Dynamic Matroids: Base Packing and Covering
Tijn de Vos, Mara Grilnberger
TL;DR
This work initiates a dynamic-matroid framework by defining insertions/deletions on the ground set and developing algorithms for maintaining bases and two core problems: base packing and base covering. The authors introduce base collections and ideal relative loads to transfer packing/covering structure into dynamic maintenance, enabling (1±ε)-approximate solutions for the fractional packing number $Φ$ and the fractional covering number $β$, with both deterministic and randomized guarantees. A deterministic dynamic minimum-weight-base algorithm serves as a foundational primitive, which is extended to dynamic packing and covering through greedy base collections and sampling techniques. The results generalize dynamic graph concepts (e.g., arboricity, spanning-tree packings) to general matroids and offer exponential improvements over recomputing from scratch, with practical implications for dynamic optimization in graphs and related combinatorial settings.
Abstract
In this paper, we consider dynamic matroids, where elements can be inserted to or deleted from the ground set over time.

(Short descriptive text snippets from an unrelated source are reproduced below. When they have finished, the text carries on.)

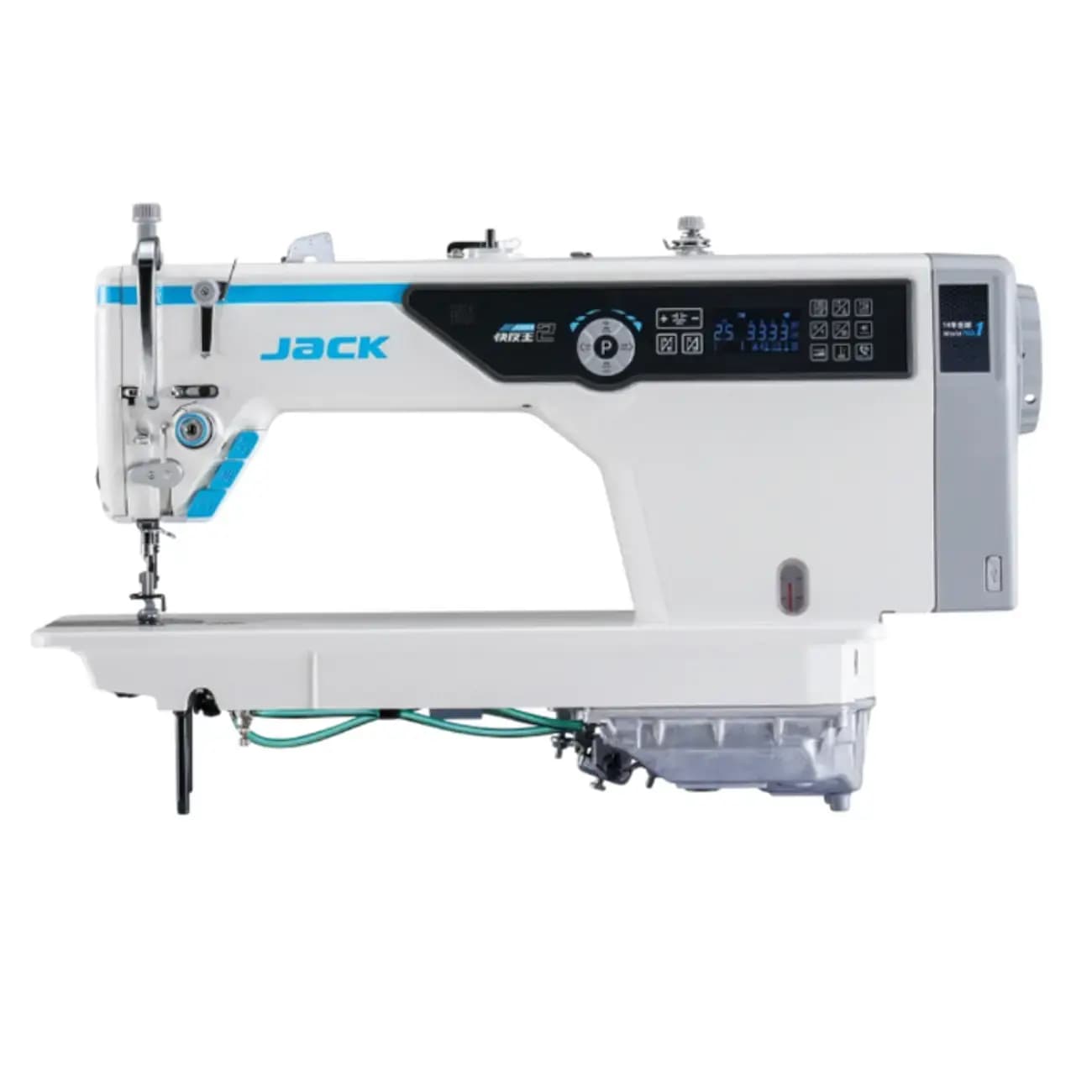 Sanoat tikuvchilik mashinasi JACK JK-A5E — 1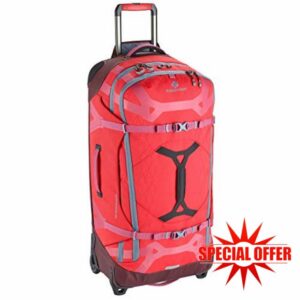 Eagle Creek Gear Warrior Rolling Duffle Bag
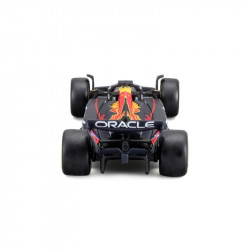Bburago 1/43 F1 versenyautó - Red Bull RB19 (With helmet) (#1(Max Verstappen)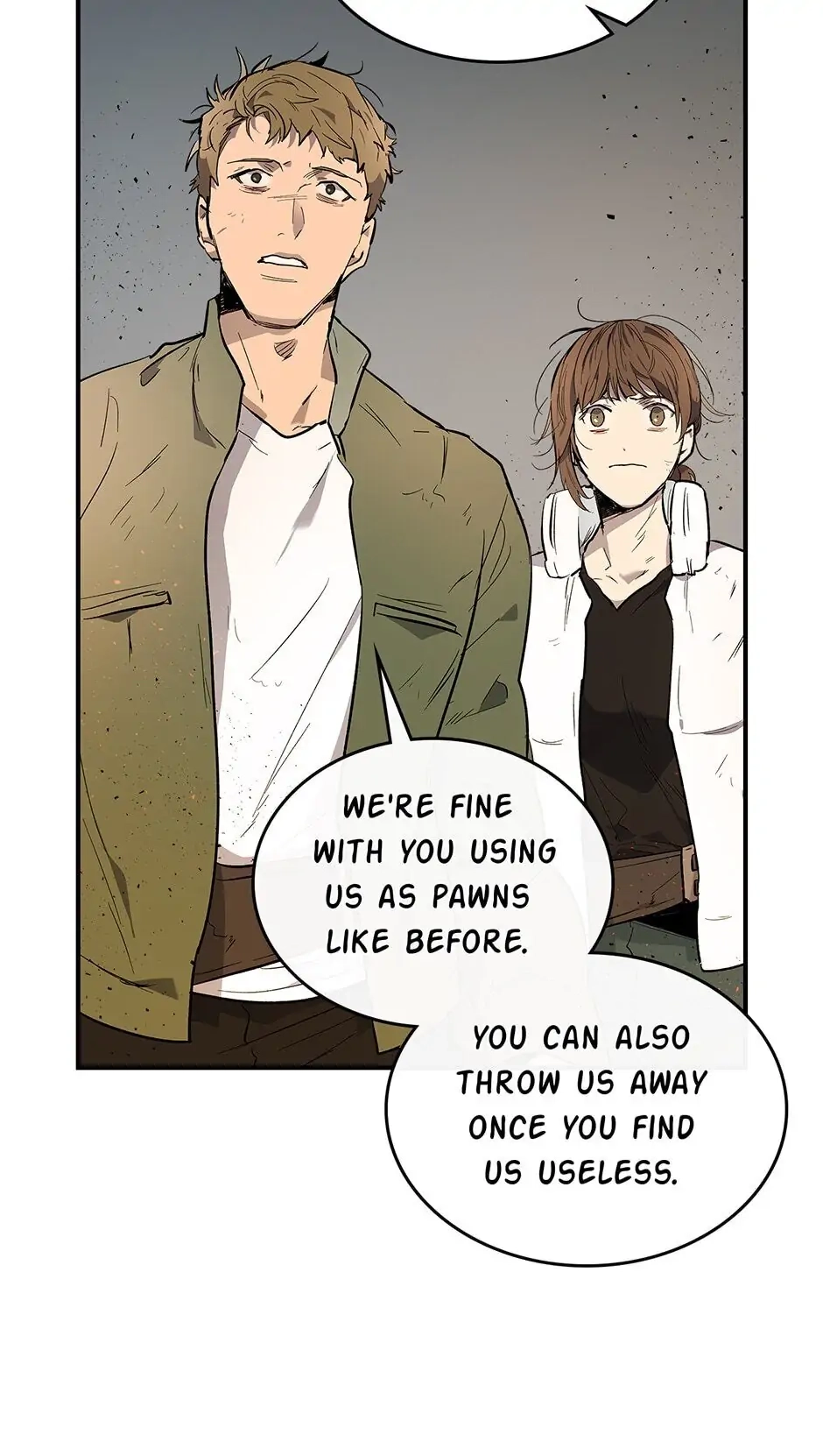 Leveling up with gods Chapter 11 Page 79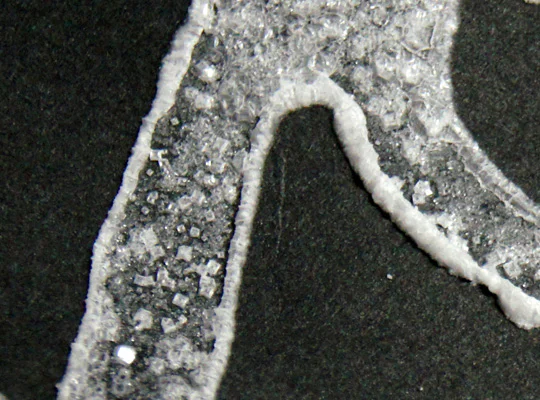 【工作】塩で！？キラキラ光る絵をかこう！-やってみよう⑨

The independent sets change to reflect the current ground set. As matroids are central to the study of many combinatorial optimization problems, it is a natural next step to also consider them in a dynamic setting. The study of dynamic matroids has the potential to generalize several dynamic graph problems, including, but not limited to, arboricity and maximum bipartite matching. We contribute by providing efficient algorithms for some fundamental matroid questions. In particular, we study the most basic question of maintaining a base dynamically, providing an essential building block for future algorithms. We further utilize this result and consider the elementary problems of base packing and base covering. We provide a deterministic algorithm that maintains a $(1\pm \varepsilon)$-approximation of the base packing number $Φ$ in $O(Φ\cdot \text{poly}(\log n, \varepsilon^{-1}))$ queries per update. Similarly, we provide a deterministic algorithm that maintains a $(1\pm \varepsilon)$-approximation of the base covering number $β$ in $O(β\cdot \text{poly}(\log n, \varepsilon^{-1}))$ queries per update. Moreover, we give an algorithm that maintains a $(1\pm \varepsilon)$-approximation of the base covering number $β$ in $O(\text{poly}(\log n, \varepsilon^{-1}))$ queries per update against an oblivious adversary. These results are obtained by exploring the relationship between base collections, a generalization of tree-packings, and base packing and covering respectively. We provide structural theorems to formalize these connections, and show how they lead to simple dynamic algorithms.